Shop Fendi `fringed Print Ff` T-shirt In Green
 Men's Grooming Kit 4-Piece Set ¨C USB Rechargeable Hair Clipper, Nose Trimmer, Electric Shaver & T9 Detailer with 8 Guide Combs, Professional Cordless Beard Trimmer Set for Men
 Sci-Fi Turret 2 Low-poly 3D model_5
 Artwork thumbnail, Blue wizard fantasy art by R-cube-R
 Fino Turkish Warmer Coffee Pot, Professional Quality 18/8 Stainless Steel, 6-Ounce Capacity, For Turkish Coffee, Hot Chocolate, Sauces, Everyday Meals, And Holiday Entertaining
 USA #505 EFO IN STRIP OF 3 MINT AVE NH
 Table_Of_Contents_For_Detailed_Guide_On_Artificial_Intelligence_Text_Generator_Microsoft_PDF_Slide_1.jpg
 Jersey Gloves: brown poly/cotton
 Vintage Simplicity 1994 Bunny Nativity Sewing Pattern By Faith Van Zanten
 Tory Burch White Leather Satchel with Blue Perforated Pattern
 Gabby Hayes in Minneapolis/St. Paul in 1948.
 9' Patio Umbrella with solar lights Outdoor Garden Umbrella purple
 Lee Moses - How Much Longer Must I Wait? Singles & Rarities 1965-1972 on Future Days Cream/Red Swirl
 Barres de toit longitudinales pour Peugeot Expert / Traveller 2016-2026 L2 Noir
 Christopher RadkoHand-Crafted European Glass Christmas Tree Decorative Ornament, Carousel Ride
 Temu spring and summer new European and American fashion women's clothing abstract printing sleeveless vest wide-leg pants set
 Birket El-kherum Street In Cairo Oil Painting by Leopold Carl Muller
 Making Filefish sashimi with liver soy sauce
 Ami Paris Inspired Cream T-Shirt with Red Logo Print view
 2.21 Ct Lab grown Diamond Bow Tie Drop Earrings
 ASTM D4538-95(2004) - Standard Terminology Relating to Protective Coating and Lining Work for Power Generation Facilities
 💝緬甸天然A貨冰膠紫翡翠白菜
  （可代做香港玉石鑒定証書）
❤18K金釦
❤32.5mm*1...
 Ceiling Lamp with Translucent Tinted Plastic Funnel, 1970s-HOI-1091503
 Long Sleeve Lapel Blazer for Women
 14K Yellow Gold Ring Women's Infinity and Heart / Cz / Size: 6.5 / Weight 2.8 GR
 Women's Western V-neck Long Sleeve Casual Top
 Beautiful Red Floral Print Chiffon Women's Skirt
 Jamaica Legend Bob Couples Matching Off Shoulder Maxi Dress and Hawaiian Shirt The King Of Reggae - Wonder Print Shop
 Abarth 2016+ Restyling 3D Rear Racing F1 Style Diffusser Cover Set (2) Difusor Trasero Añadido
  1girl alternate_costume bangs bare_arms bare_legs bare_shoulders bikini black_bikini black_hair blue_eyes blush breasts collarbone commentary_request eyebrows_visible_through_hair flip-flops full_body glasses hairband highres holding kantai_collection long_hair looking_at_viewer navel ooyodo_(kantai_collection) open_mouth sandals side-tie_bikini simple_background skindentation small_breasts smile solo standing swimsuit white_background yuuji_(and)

Task prompt:
The records above should be printed exactly, please, from the first line through the line containing "USA #505 EFO IN STRIP OF 3 MINT AVE NH", with both ends kept and nothing past it.

Solution to this exercise:
Shop Fendi `fringed Print Ff` T-shirt In Green
 Men's Grooming Kit 4-Piece Set ¨C USB Rechargeable Hair Clipper, Nose Trimmer, Electric Shaver & T9 Detailer with 8 Guide Combs, Professional Cordless Beard Trimmer Set for Men
 Sci-Fi Turret 2 Low-poly 3D model_5
 Artwork thumbnail, Blue wizard fantasy art by R-cube-R
 Fino Turkish Warmer Coffee Pot, Professional Quality 18/8 Stainless Steel, 6-Ounce Capacity, For Turkish Coffee, Hot Chocolate, Sauces, Everyday Meals, And Holiday Entertaining
 USA #505 EFO IN STRIP OF 3 MINT AVE NH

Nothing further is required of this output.